The answer must reproduce every record exactly, with all pictures omitted.

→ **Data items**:
○ ○ ○ ○ ○ ○ ○

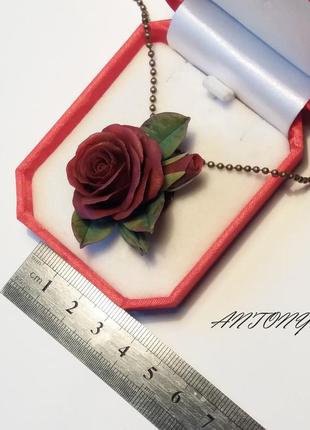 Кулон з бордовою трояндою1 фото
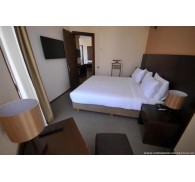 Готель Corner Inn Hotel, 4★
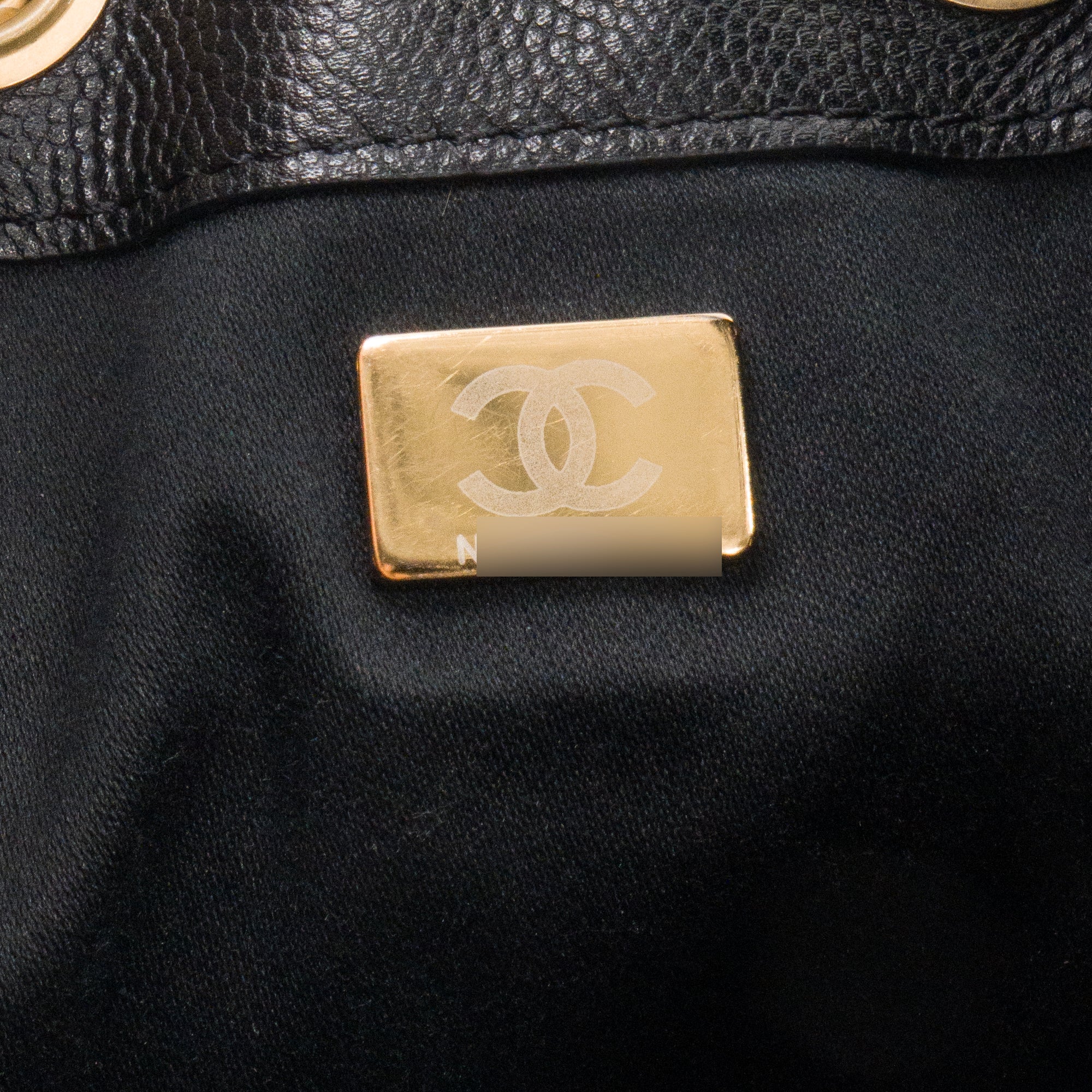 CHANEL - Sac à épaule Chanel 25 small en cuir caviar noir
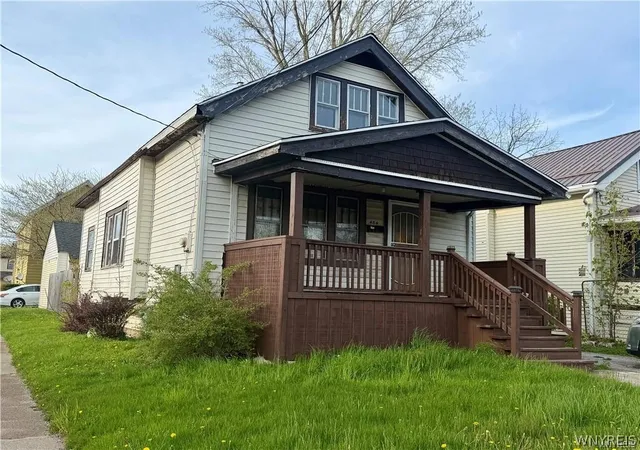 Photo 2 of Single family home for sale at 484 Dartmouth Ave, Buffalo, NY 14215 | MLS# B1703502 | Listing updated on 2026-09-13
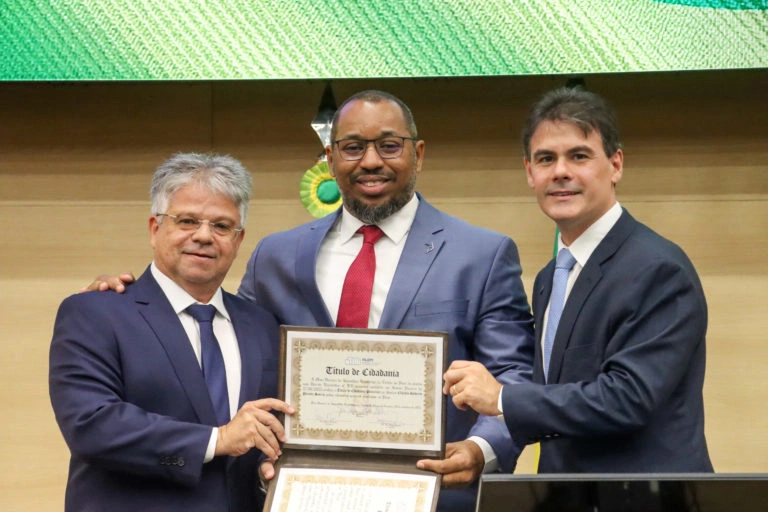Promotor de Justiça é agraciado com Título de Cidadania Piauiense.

○ ○ ○ ○ ○ ○ ○

→ **Response area**:
 Кулон з бордовою трояндою1 фото
 Готель Corner Inn Hotel, 4★
 CHANEL - Sac à épaule Chanel 25 small en cuir caviar noir
 Photo 2 of Single family home for sale at 484 Dartmouth Ave, Buffalo, NY 14215 | MLS# B1703502 | Listing updated on 2026-09-13
Promotor de Justiça é agraciado com Título de Cidadania Piauiense.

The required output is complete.